For operations with side effects: Go hooks remain the right answer.
For everything else: a note.
Writing a new note
A note is a Go function registered in the appropriate domain file and in
note.Map(). The contract:
- Accept plain Go types:
string,int64,float64,bool,interface{} - Return
(value, error)for functions that can fail, or justvaluefor infallible ones - Handle empty input — return a safe zero value, not a panic
- Be pure — same input always produces same output
// Example: slugify a string for Kubernetes resource naming
// camelToKebab already exists; this is an extension
func slugify(s string) string {
s = strings.ToLower(s)
s = regexp.MustCompile(`[^a-z0-9-]`).ReplaceAllString(s, "-")
s = regexp.MustCompile(`-+`).ReplaceAllString(s, "-")
return strings.Trim(s, "-")
}
// Register in stringNotes():
"slugify": slugify,
Add it to the catalogue in pkg/note/README.md. The note is then available
in every Katalog expression across the entire ecosystem, including patterns
published to the OrkestraRegistry.
Impact on hooks
Before notes, the decision tree for any data transformation was:
- Can I express this as a template expression? Often not.
- Write a Go hook.
After notes, the decision tree is:
- Can I express this as a note composition? Usually yes.
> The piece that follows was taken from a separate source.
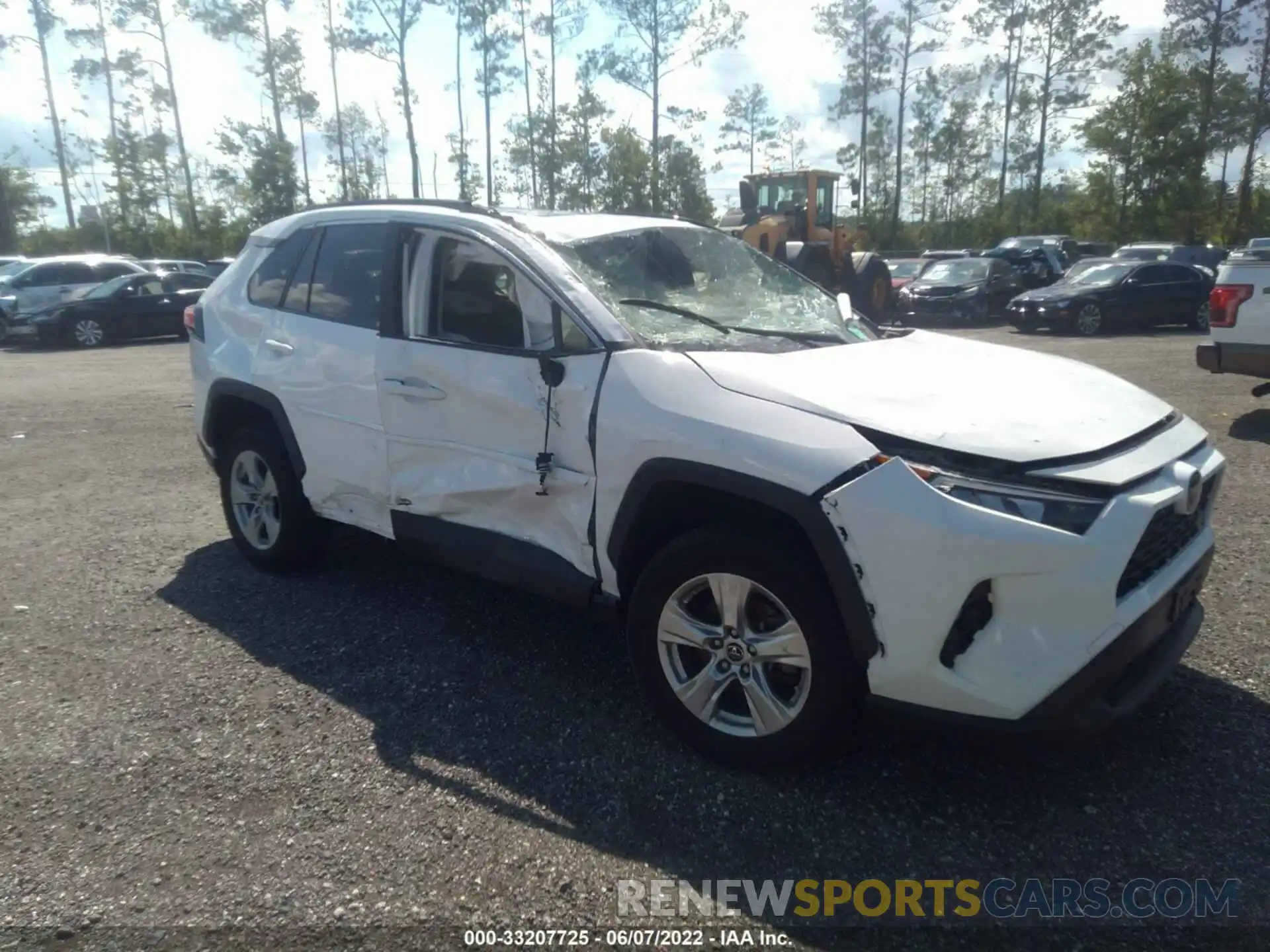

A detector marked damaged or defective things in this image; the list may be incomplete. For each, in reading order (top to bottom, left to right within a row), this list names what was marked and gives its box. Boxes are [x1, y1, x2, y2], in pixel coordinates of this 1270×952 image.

shattered windshield [546, 225, 873, 352]
dented front door [373, 333, 602, 581]
damaged white toyota rav4 [184, 206, 1224, 772]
- Is there an existing note that does this? Check the catalogue.
- Does the note exist? Use it.
- Does it not exist? Write a new note (10-20 lines), register it, done.
- Does the transformation require I/O? Write a hook.
The hook surface shrinks to its irreducible minimum: external API calls, database writes, and operations with side effects. Everything else — string manipulation, numeric operations, type conversion, cron parsing, conditional values — is a note.
This is the correct boundary. Notes are the vocabulary of declarative operators. Hooks are the escape hatch for what cannot be expressed declaratively.